American general (1835–1883)

Charles Ewing (March 6, 1835 - June 20, 1883) was an attorney and Union Army general during the American Civil War. He was the son of Interior Secretary Thomas Ewing, the brother of Thomas Ewing Jr. and Hugh Boyle Ewing, and the foster brother and brother-in-law of William T. Sherman. Ewing's sister and Sherman's wife was Ellen Ewing Sherman.

==Early life and career==
He was educated at St. Joseph's College in Perry County, Ohio, and at the University of Virginia. He studied law, was admitted to practice and was so engaged at St. Louis, Missouri, when the Civil War broke out.

==Civil War==
He then joined the U.S. Army and was commissioned in May 1861 as a captain in the 13th Infantry, of which William T. Sherman, his brother-in-law, was colonel. He was appointed inspector-general on the staff of General Sherman, when in command of the western army.

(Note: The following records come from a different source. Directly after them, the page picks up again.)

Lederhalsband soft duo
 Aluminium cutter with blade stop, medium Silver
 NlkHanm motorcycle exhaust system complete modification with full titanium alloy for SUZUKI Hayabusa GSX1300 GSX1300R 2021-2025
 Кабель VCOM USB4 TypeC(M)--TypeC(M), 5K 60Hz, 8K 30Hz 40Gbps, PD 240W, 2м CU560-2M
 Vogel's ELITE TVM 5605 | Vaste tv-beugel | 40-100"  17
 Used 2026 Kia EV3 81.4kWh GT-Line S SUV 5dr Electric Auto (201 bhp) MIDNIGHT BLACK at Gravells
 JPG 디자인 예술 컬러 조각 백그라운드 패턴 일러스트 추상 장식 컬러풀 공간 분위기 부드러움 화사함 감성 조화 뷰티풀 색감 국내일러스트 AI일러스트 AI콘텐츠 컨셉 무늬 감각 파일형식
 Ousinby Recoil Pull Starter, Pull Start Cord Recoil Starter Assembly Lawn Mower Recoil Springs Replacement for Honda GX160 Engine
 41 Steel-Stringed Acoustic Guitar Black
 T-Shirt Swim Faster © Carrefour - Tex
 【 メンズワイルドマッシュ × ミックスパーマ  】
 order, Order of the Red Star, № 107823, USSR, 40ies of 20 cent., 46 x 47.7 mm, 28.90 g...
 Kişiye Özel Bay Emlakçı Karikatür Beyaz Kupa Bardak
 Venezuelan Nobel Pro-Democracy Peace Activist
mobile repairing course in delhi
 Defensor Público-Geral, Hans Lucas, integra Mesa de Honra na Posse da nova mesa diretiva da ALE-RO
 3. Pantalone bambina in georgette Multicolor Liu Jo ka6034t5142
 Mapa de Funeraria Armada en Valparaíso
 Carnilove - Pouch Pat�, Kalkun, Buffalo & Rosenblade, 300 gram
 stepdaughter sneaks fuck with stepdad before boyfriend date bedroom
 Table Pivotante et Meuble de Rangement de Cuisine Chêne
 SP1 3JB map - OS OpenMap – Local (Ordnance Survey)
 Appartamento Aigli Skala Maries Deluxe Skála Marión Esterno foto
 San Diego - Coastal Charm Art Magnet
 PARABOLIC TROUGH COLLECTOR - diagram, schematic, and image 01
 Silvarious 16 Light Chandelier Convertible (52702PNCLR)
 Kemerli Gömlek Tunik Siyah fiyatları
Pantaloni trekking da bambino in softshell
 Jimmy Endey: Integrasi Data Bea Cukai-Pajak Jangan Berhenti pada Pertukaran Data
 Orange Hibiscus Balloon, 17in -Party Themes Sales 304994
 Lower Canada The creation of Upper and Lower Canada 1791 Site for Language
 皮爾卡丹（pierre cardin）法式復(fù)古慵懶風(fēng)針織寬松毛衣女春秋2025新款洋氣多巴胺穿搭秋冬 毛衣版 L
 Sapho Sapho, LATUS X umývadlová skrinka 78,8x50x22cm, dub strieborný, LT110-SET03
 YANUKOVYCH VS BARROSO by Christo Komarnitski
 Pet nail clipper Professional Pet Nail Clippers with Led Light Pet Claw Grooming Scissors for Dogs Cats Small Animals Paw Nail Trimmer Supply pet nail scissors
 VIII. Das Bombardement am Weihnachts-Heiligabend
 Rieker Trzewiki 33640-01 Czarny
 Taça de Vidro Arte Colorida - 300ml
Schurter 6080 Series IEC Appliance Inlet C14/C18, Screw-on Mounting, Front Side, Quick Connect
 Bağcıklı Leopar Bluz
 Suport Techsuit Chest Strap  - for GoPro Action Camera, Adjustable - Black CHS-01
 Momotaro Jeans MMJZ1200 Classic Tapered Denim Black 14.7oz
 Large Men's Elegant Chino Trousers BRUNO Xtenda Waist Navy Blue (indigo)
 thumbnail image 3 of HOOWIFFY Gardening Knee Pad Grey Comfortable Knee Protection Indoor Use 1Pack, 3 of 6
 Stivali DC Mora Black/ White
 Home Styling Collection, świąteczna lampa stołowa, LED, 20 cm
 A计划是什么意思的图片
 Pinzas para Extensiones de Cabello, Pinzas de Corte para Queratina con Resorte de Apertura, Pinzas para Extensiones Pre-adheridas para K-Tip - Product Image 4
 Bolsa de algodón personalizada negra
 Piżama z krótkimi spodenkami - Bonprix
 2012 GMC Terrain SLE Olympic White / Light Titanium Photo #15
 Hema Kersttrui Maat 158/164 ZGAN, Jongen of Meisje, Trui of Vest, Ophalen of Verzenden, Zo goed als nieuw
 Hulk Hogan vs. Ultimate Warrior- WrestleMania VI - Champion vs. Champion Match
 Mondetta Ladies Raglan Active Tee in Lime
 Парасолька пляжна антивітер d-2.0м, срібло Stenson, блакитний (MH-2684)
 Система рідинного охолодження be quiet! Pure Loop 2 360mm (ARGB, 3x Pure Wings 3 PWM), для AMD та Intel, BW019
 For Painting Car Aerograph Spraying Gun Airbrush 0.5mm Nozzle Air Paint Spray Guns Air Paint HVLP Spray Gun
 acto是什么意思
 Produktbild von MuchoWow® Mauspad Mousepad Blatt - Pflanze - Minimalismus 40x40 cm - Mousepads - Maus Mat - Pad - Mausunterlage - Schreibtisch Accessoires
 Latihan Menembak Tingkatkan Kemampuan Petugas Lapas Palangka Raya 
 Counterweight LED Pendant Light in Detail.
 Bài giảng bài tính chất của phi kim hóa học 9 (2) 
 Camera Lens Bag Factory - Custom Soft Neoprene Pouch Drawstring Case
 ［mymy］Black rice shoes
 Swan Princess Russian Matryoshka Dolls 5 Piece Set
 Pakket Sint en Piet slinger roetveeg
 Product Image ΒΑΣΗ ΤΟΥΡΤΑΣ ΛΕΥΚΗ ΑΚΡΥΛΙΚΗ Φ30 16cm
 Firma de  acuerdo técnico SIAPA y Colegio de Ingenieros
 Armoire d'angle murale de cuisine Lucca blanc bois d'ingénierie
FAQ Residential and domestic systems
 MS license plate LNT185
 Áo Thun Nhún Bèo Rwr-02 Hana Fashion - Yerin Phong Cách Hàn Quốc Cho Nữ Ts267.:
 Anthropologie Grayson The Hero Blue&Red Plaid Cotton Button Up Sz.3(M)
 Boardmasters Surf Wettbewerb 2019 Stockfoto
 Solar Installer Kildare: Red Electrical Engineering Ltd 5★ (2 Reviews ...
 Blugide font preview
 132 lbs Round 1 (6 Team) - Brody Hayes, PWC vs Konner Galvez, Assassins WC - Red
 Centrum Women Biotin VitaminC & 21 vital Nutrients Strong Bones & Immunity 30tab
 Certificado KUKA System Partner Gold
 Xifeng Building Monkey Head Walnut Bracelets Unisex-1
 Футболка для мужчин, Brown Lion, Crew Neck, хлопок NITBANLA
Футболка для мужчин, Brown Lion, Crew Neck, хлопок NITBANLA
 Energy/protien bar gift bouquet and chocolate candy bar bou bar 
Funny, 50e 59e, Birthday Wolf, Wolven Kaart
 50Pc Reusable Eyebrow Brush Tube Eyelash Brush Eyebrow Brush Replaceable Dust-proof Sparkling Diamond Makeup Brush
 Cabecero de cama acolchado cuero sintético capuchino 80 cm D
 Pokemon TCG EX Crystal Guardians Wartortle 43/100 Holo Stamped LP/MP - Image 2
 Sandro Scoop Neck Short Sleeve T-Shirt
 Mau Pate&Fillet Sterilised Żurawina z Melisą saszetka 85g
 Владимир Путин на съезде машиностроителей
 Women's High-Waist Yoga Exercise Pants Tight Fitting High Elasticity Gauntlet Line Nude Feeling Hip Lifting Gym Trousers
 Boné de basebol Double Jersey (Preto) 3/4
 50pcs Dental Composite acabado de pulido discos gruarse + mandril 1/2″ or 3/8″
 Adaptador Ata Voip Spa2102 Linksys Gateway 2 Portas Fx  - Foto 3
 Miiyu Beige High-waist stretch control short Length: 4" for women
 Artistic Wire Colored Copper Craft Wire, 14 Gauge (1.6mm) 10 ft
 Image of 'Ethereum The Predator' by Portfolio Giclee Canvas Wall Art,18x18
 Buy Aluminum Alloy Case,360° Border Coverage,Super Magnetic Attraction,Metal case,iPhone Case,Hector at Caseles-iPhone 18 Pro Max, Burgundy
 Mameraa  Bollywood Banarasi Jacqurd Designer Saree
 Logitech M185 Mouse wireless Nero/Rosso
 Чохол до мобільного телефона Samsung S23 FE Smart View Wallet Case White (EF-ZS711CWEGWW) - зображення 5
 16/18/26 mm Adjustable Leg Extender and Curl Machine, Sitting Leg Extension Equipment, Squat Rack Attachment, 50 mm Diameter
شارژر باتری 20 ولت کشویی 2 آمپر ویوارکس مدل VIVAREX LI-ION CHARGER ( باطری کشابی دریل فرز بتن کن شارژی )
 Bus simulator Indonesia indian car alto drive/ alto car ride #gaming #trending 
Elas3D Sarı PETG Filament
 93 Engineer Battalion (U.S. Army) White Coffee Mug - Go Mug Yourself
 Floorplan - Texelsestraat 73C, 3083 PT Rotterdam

At the Battle of Vicksburg he planted the flag of his battalion on the parapet of the Confederate fort, and received a severe wound. For this action he was brevetted major in 1863; for his action at Jackson, Collierville and Missionary Ridge, in the Atlanta campaign he was made lieutenant-colonel by brevet in 1864, and for gallant conduct in the march to the sea and thence through the Carolinas to Washington he was brevetted colonel in 1865. He was made brigadier-general of volunteers, March 8, 1865.

==Postbellum career==
In 1867 General Ewing resigned his commission in the army, and opened a successful law practice in Washington, D.C. Beginning in 1874, he served as the Catholic Commissioner for Indian Missions (later known as the Bureau of Catholic Indian Missions), which involved defending Roman Catholic mission interests and Native American rights. Based on its prior missionary initiatives the Catholic Church felt justified in operating schools at 34 of the 72 agencies, but the administration of President Ulysses S. Grant allowed them at only seven. Ewing served as Catholic Commissioner until his death in Washington on June 20, 1883.